--- START ---

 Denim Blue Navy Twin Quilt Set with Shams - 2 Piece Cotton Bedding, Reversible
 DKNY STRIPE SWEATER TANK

--- END ---
--- START ---

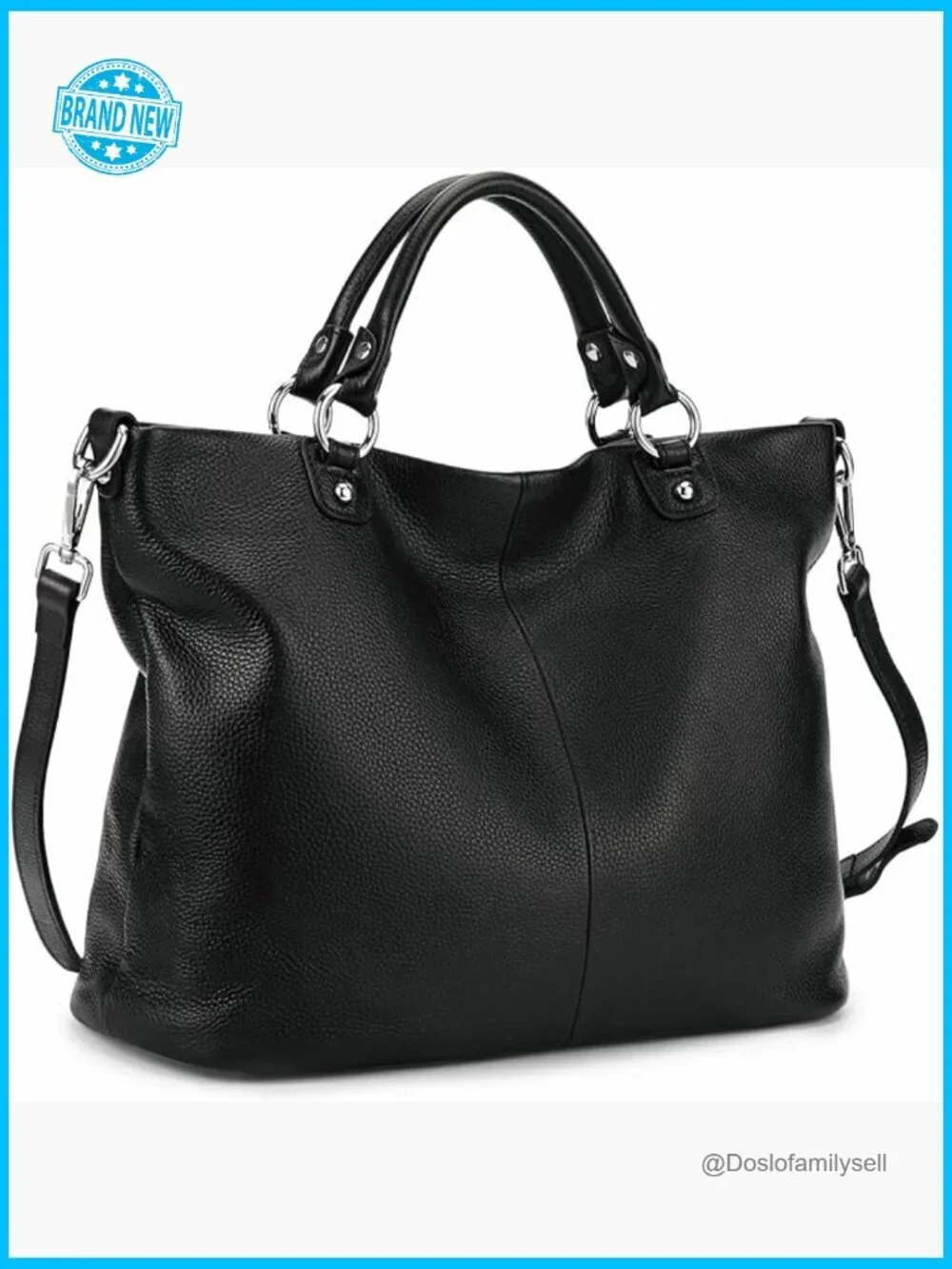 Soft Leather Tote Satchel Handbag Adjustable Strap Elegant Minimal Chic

--- END ---
--- START ---

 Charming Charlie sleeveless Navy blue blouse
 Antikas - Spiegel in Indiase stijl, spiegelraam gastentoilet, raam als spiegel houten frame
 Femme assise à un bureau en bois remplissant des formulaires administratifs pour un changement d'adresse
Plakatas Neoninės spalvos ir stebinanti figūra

--- END ---

**Exercise directions:** In the records above, the line with "Femme assise à" marks the start and the line with "Plakatas Neoninės spalvos" marks the end; copy that stretch exactly, both lines included, and nothing else.

**Response box:**
 Femme assise à un bureau en bois remplissant des formulaires administratifs pour un changement d'adresse
Plakatas Neoninės spalvos ir stebinanti figūra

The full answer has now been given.